À ce moment, Mme von Taussig aimait le sous-lieutenant Trotta avec la même véhémence qu’elle avait aimé le sous-lieutenant Ewald, dix ans auparavant, sur le même parcours, à la même heure et – qui sait ? – peut-être dans le même compartiment. Mais pour l’instant, il était effacé comme ceux d’avant, comme ceux d’après. Le flot du plaisir passait tumultueusement sur les souvenirs et en lavait toutes les traces. Mme von Taussig se nommait Valérie de son petit nom, mais on l’appelait Wally, abréviation usuelle dans le pays. Ce nom, qu’on lui murmurait aux heures de tendresse, prenait un son nouveau à chaque nouvelle heure de tendresse. Et voilà que ce jeune homme la baptisait une fois de plus. Elle n’était qu’une enfant (une enfant fraîche comme son nom). Toutefois, elle constatait maintenant, par habitude et avec mélancolie, qu’elle était « beaucoup plus vieille que lui », remarque qu’elle risquait toujours avec les tout jeunes gens et qui était en quelque sorte une audace prudente. Au reste, cette réflexion servit de prélude à une nouvelle série de caresses. Elle alla rechercher tous les termes d’amitié qui lui étaient familiers et dont elle avait gratifié tel ou tel. Et maintenant – elle ne connaissait que trop bien la succession des choses, hélas ! – l’homme allait la prier, toujours dans les termes consacrés, de ne pas parler d’âge, ni de temps.

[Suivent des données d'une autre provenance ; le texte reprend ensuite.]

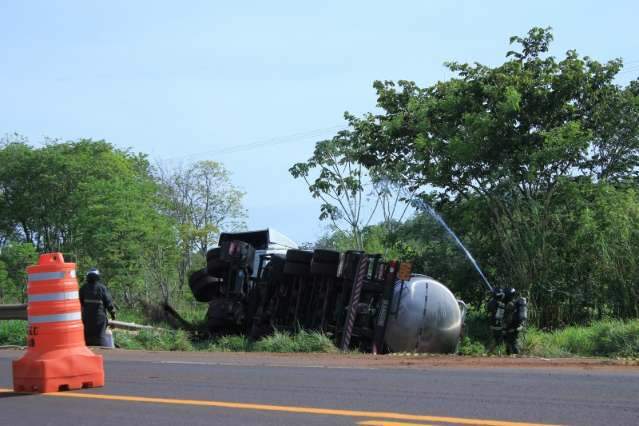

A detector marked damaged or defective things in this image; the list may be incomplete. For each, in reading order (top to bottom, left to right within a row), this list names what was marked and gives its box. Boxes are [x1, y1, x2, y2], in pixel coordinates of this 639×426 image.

overturned truck [189, 230, 464, 352]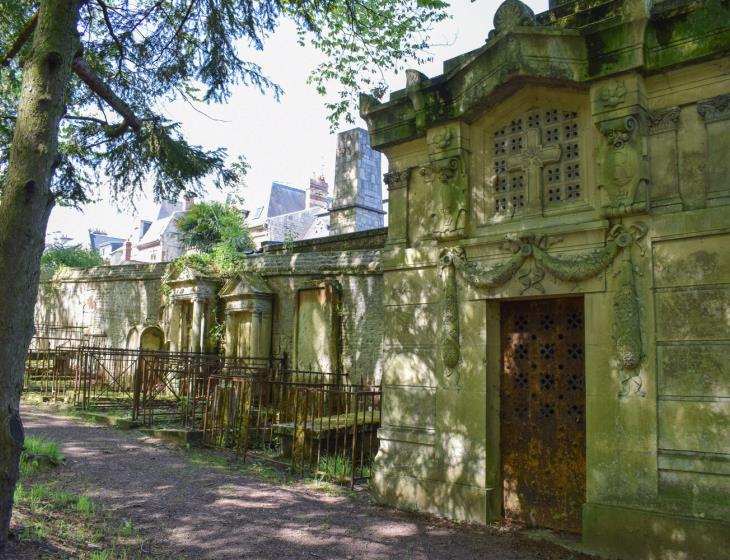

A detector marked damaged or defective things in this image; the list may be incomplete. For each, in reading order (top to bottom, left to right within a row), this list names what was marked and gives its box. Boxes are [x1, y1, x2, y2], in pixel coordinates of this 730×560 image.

rusty iron fence [200, 376, 382, 486]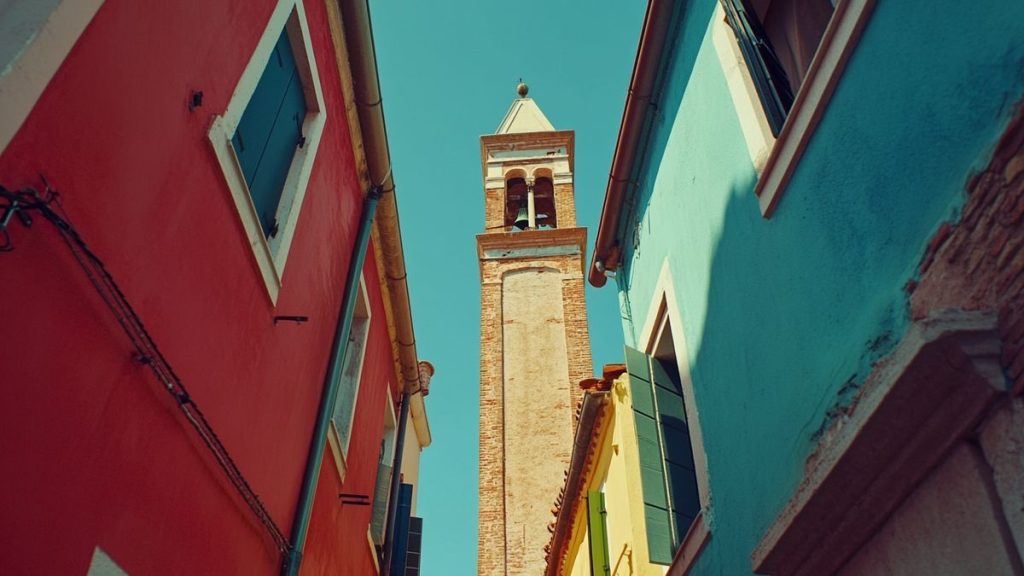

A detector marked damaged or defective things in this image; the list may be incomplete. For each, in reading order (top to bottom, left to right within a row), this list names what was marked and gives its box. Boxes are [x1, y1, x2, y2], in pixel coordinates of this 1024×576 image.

peeling plaster wall [606, 0, 1024, 569]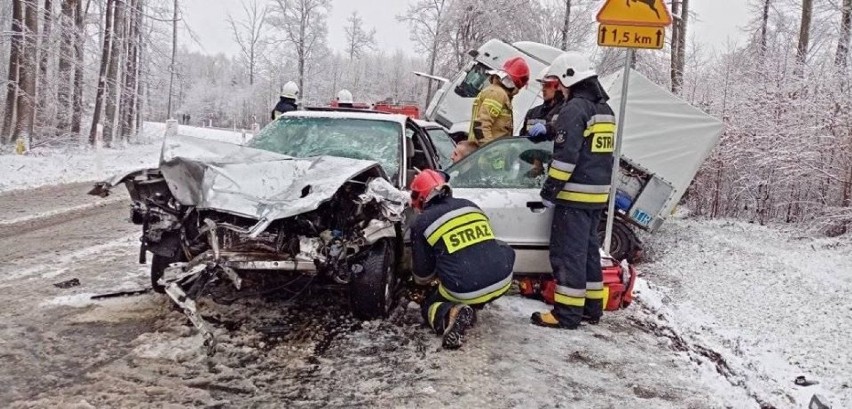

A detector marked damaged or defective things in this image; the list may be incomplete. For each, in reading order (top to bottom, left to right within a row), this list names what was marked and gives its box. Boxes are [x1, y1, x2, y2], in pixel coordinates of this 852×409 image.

crumpled hood [157, 133, 386, 223]
broken windshield [250, 116, 402, 177]
severely damaged car [91, 110, 446, 346]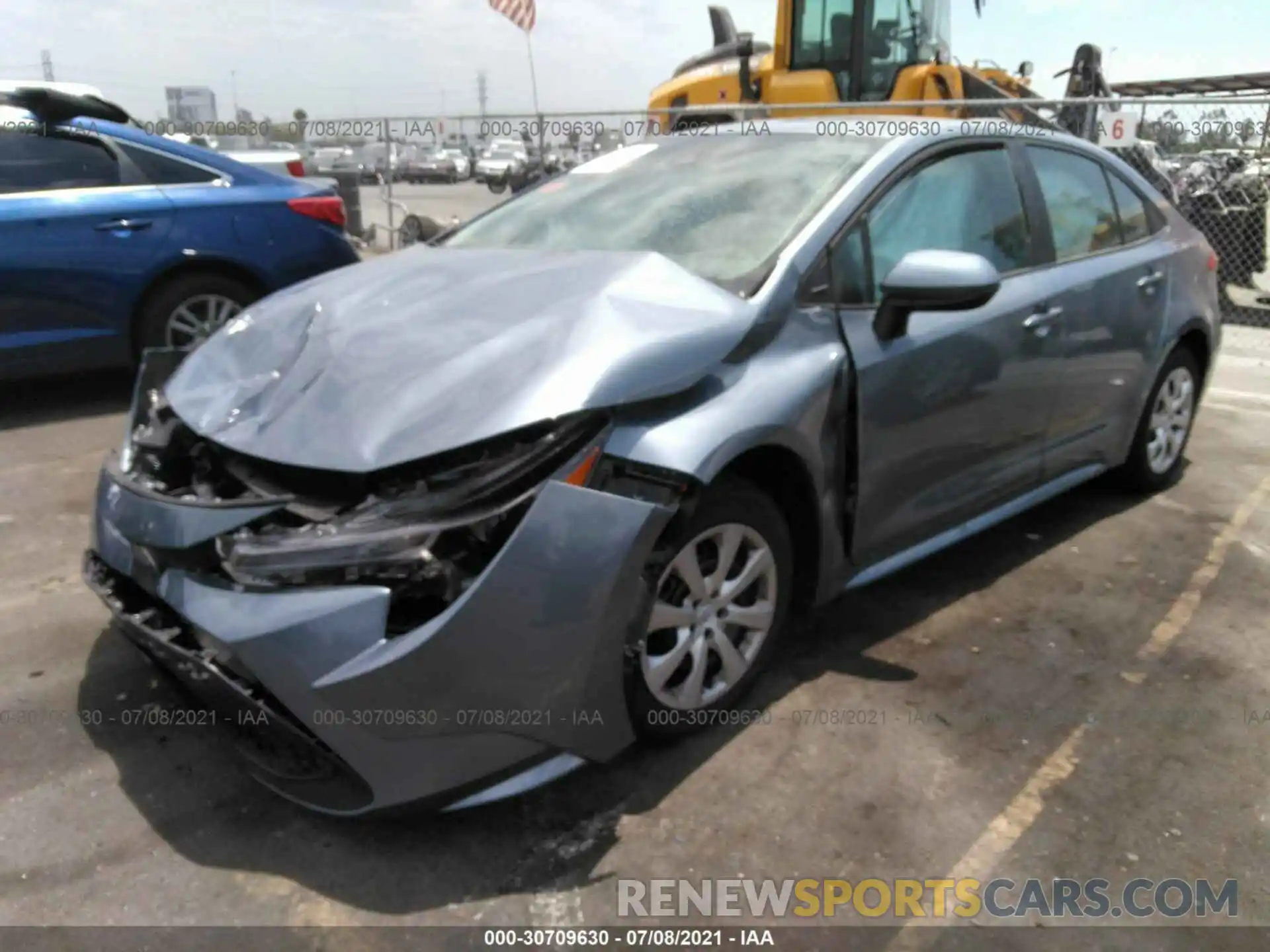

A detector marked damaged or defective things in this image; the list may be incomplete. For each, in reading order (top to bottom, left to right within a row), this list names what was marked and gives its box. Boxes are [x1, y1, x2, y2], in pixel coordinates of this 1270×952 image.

damaged front bumper [84, 444, 681, 817]
crushed hood [163, 247, 757, 475]
damaged silver sedan [84, 123, 1214, 817]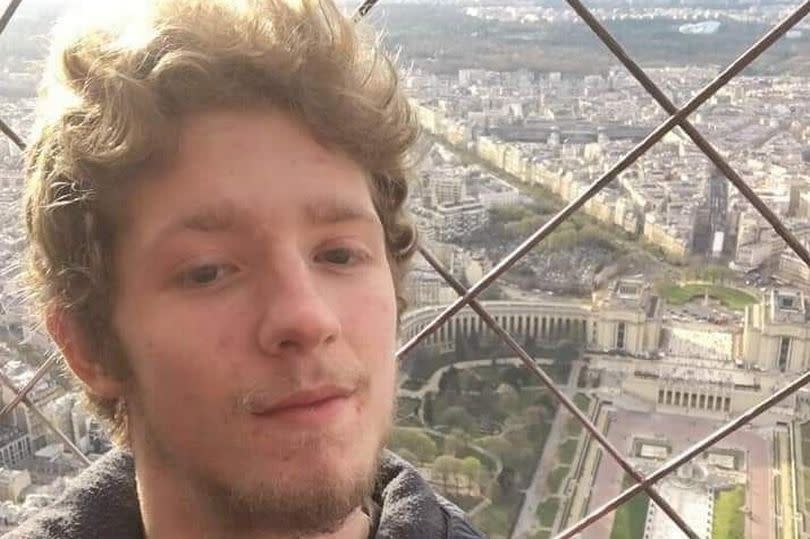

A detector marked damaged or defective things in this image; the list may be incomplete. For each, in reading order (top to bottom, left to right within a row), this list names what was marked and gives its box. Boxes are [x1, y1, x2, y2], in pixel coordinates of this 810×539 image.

rusty metal bar [398, 0, 808, 360]
rusty metal bar [560, 0, 808, 268]
rusty metal bar [414, 248, 696, 539]
rusty metal bar [552, 370, 808, 536]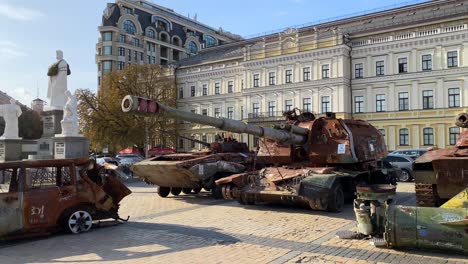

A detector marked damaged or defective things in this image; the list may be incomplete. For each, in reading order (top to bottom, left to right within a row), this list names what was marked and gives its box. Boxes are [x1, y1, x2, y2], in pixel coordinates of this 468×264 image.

burnt car door [0, 167, 23, 235]
burned car [0, 157, 131, 237]
destroyed car wreck [0, 157, 131, 237]
rusted tank [0, 158, 131, 238]
charred metal body [0, 158, 131, 238]
rusted tank [120, 95, 252, 198]
rusted tank [120, 95, 394, 210]
charred metal body [120, 95, 394, 210]
rusted tank [346, 184, 466, 254]
charred metal body [350, 185, 466, 255]
rusted tank [414, 112, 468, 207]
charred metal body [414, 112, 468, 207]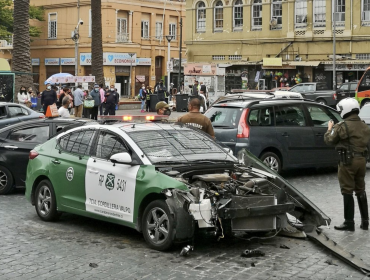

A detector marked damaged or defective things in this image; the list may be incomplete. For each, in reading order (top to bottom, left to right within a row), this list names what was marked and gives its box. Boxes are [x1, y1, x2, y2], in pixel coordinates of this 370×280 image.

damaged police car [25, 123, 330, 250]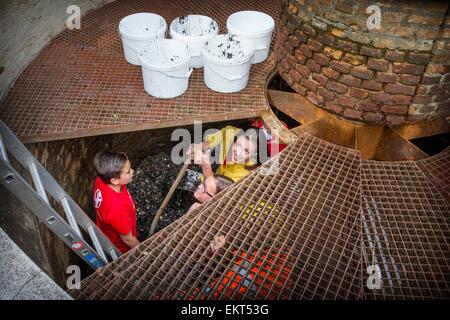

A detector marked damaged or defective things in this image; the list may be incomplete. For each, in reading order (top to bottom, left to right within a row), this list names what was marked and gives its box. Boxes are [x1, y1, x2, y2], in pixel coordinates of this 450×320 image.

rusty metal grate [0, 0, 282, 142]
rusty metal grate [73, 132, 362, 298]
rusty metal grate [362, 160, 450, 300]
rusty metal grate [416, 147, 448, 201]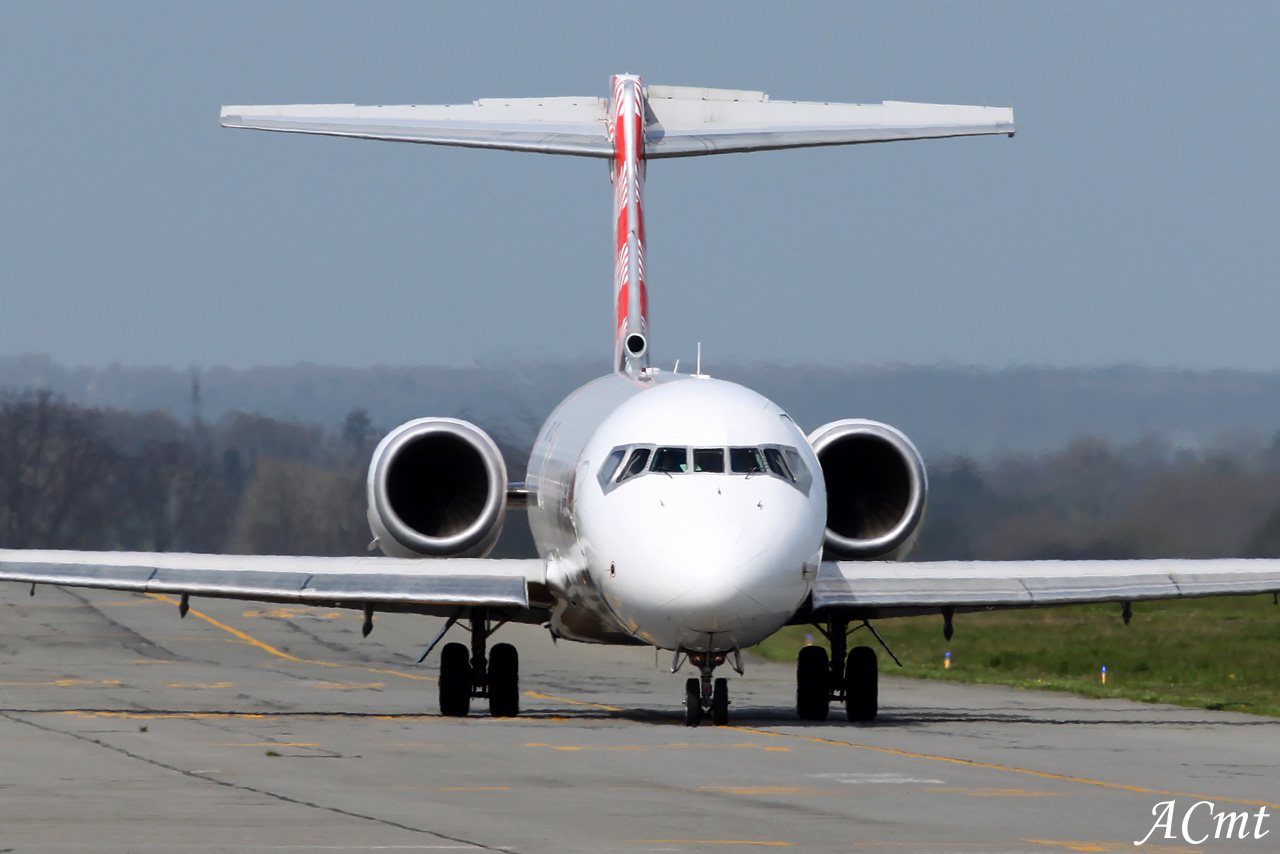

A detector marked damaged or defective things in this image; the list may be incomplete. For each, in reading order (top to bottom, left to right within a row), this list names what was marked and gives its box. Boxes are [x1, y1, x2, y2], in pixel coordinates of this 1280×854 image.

pavement crack [6, 711, 514, 850]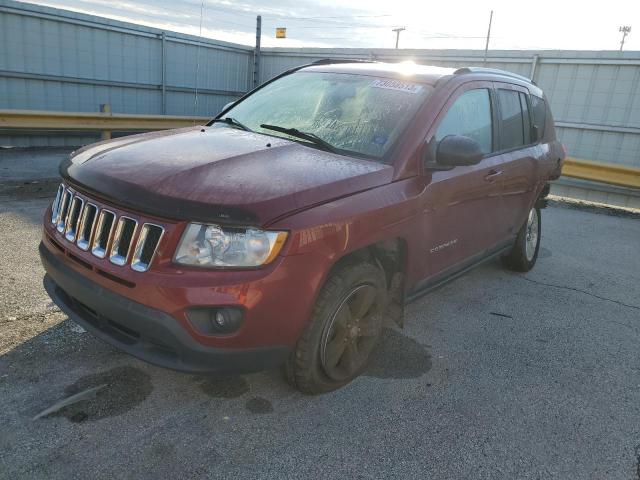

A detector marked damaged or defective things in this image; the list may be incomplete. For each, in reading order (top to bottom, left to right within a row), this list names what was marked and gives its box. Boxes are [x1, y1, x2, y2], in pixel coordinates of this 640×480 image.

crack in pavement [516, 274, 640, 312]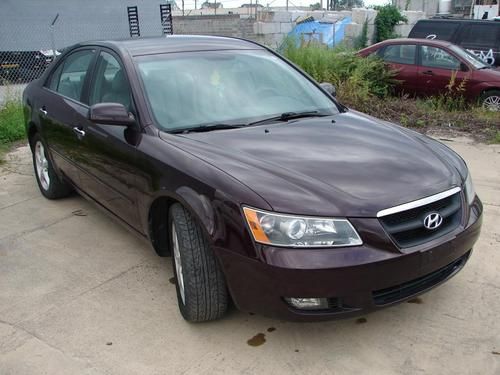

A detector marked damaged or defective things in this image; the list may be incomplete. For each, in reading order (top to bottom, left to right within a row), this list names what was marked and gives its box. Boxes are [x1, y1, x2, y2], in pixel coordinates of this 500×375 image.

cracked asphalt [0, 139, 500, 375]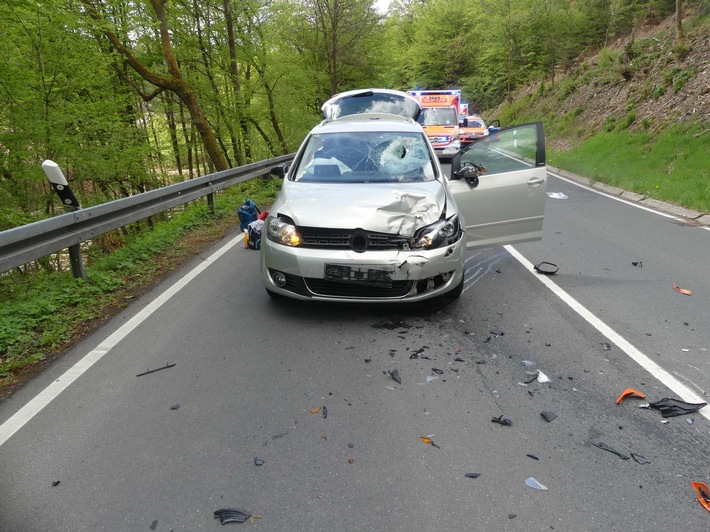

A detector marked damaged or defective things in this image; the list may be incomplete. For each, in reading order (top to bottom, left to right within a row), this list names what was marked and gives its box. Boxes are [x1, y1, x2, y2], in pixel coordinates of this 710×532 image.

Elle savait le peu que signifiait ce genre de prières… et elle y ajoutait foi. Elle attendit. Mais le sous-lieutenant Trotta se taisait, insensible. Elle craignit que son mutisme ne fût un verdict et elle dit prudemment :

– Combien crois-tu que j’ai de plus que toi ?

Il demeura perplexe. Ce sont des questions auxquelles on ne répond pas ; d’ailleurs, ça ne le regardait nullement. Il constatait la rapide alternance de fraîcheur et de chaleur sur la peau unie, ces brusques changements de climat qui font partie des phénomènes magiques de l’amour. En l’espace d’une seule heure, toutes les caractéristiques de toutes les saisons s’accumulent sur une seule épaule féminine, abolissant effectivement les lois du temps.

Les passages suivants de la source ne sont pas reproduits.